I’m going on welfare. I’ve been looking for a job now for over two years, and I have had it. I’m sayin’ f**k it! Ya hear me, America? And not just f**k looking for a job and keep getting turned down, failing and failing again and again, but f**k the whole system, man! To hell with this whole American capitalist bullshit.
Maybe if I could get hired if I wouldn’t feel this bitter. But I gotta tell you, America, this whole not-being-able-to-find a job shit is really making me doubt your whole “you can make it in America” crap, and the whole “pull yourself up by the bootstraps” shit you feed us from the moment we’re born. So I’m giving up. I’m going on public assistance.
In case you haven’t noticed, I’m obviously a conservative, upstanding guy. I just have a different way of expressing it. You can probably guess that my childhood was completely tranquil and that I was raised by responsible parents to be a real go-getter. I’m 26 years old. I’m the perfect guy you’d want your daughter to bring home for dinner. I’m the perfect guy you’d want teaching your 1st grader the laws of arithmetic and about the founding of America and the true meaning of Thanksgiving. You want a competent guy standing in front of your nine-year-old telling them about the true meaning of Christmas and about why 2 x 3 equals 6…? Look no further. But am I recommended for the job? No. Have I been turned down from countless teaching jobs even though I have an education degree from 2008? Yes! And it’s just not fair! Not FAIR, damn it!
Yeah, America…ungrateful, lying, inconsiderate America, the only job I’ve held since my college graduation and my 22nd of 48 body piercings and hoops has been at Jack Hoff’s Adult Video and Novelty store on the south side of Route 40 in Ellicott City, Maryland! Why? WHY, AMERICA?
I just can’t understand it: why can’t people just accept me for who I am? Can’t people just accept my own expression of my individuality? Apparently not, which is quite hypocritical for our society. After all, aren’t we all told to “go off and be ourselves,” be our own man or woman? Well, this is how I’ve chosen to express myself. It’s my choice, and I’ve chosen to choose that choice. And if you don’t like it then f**k you, America, and all you stand for!
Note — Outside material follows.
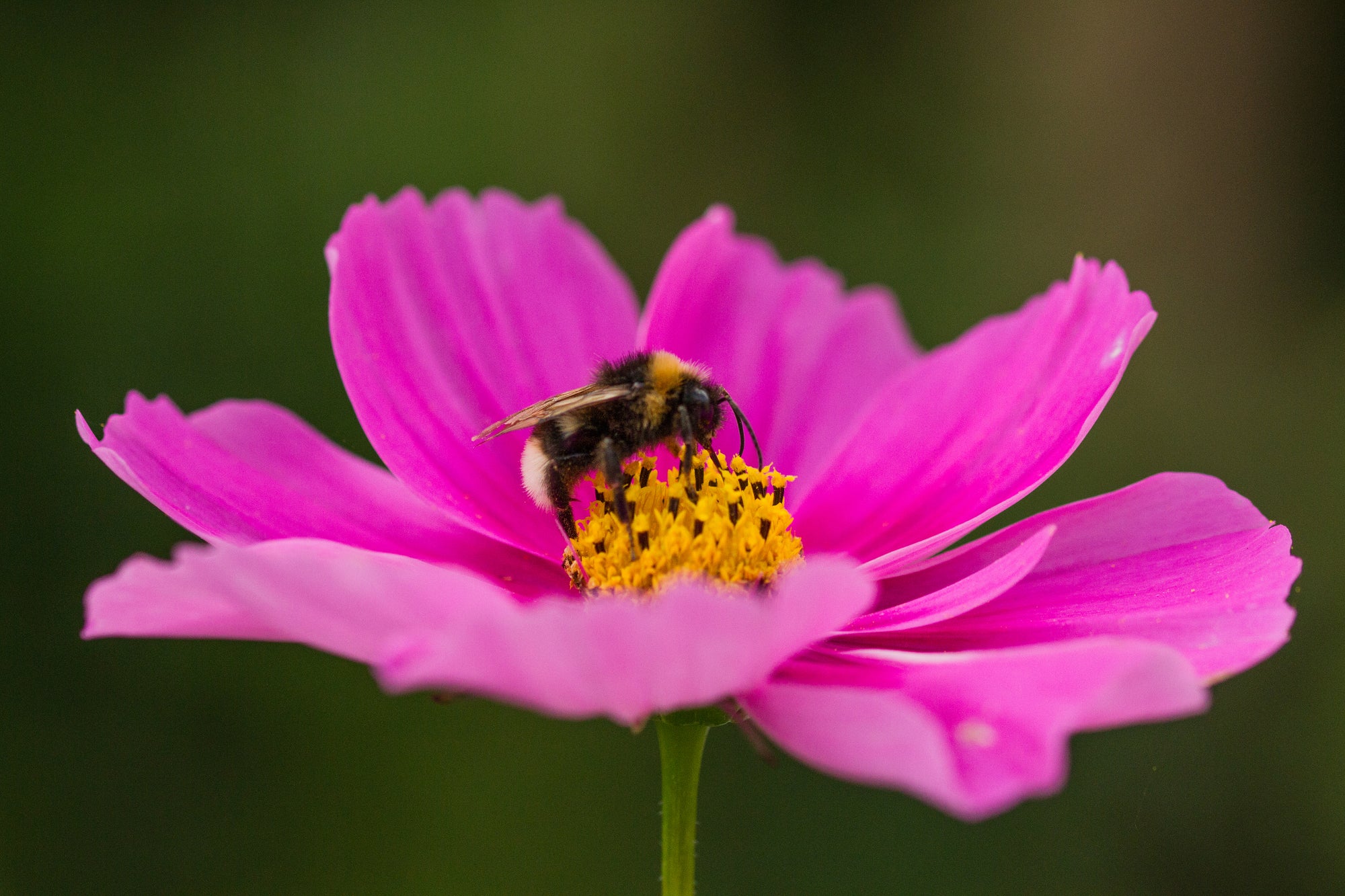 Awesome Annuals Wildflower Seedles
So I’m done with it. I’m done with going into grammar schools with my bachelor’s degree in education and being ordered to leave. I’m done going to the troubled youth centers and being told that I’ll only make the kids wanna do drugs more in order to deal with my “looks”. I’m sick of even going to work at homeless shelters and told I’d only want to give the residents more reasons to remain homeless! I’m even tired of going to apply at tattoo and piercing parlors only to be told that “I’m just too much for customers to bear,” and then asked to leave under police threat. So I’m just sick of all of it –all this bullshit lies of this country’s promises, all the while simply expressing my inner self. F**k it! I’m so done!
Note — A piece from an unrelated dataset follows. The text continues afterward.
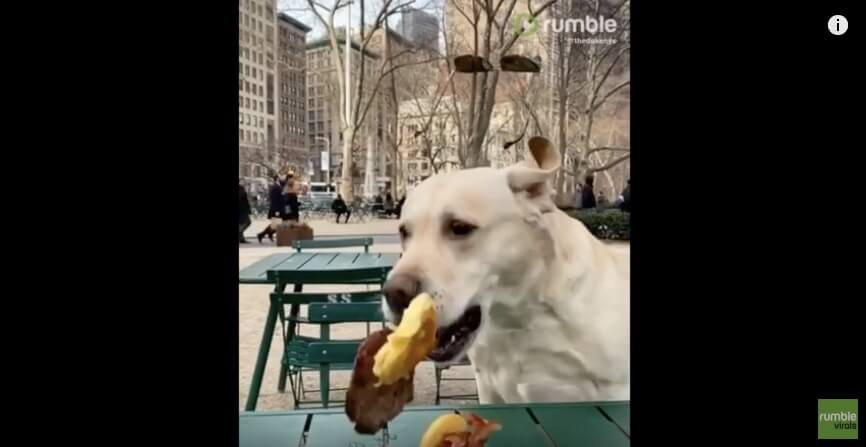 ラブラドールレトリーバー,動画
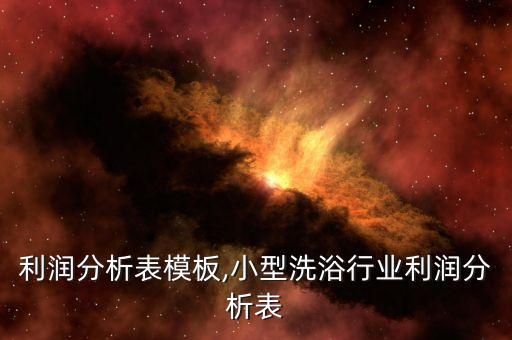 利润分析表模板,小型洗浴行业利润分析表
I was raised to believe this country was founded under “individual freedom.” HA! Whata joke! I was raised to think I could be (and look) like anything in this society and yet have a chance. After all, have not so many been denied rights and first class status based on their looks? Well what’s the difference in my case?! I have all the qualifications, the perfect upbringing and all the degrees, yet am unable to find any job other than that of a grave hour shift at a damn porn store. WHY?!
Oh America, you and all your phony “be yourself” bullshit. It’s pathetic, America, and all your damned “dreams.” If you can’t see beyond the half-inch rings in my nose and my three-inch rings in my earlobes and my eye, nose, lip, chin, cheek, nipple, naval, and penile studs and countless face, neck and body tattoos and basically making myself look like a monster, and see me for who I really am, then shame the f**k out of you, America!
I was raised by progressive parents who said anyone can (finally) make it in America, regardless how they look like. Well, this is me, Trevor Abrahams, expressing myself, showing the world who I really am inside by showing them what that looks like on the outside. But that isn’t “suitable” for you, CAPITAIST America, with your prejudices and your standards and cultural and class restrictions. I guess I just don’t present the right “class” of people the rest of you wanna deal with.
But hey, that’s your loss, ain’t it, because now I have not recourse but to go on welfare. And by now, I’m proud to be on welfare, living off people who couldn’t accept my individuality.
So I hope you don’t get too angry, America. Yes, that’s sarcasm. I hope you don’t get too mad at this bright, shining specimen of virtue and productivity you have shunned. And while I say “f**k you all,” I will be saying it while still looking for a job. At least you’ll still find that “acceptable” in your compartmentalized capitalist confines. I think my next application will be to that daycare center down the street.
—Cheers, heartless, capitalist assholes!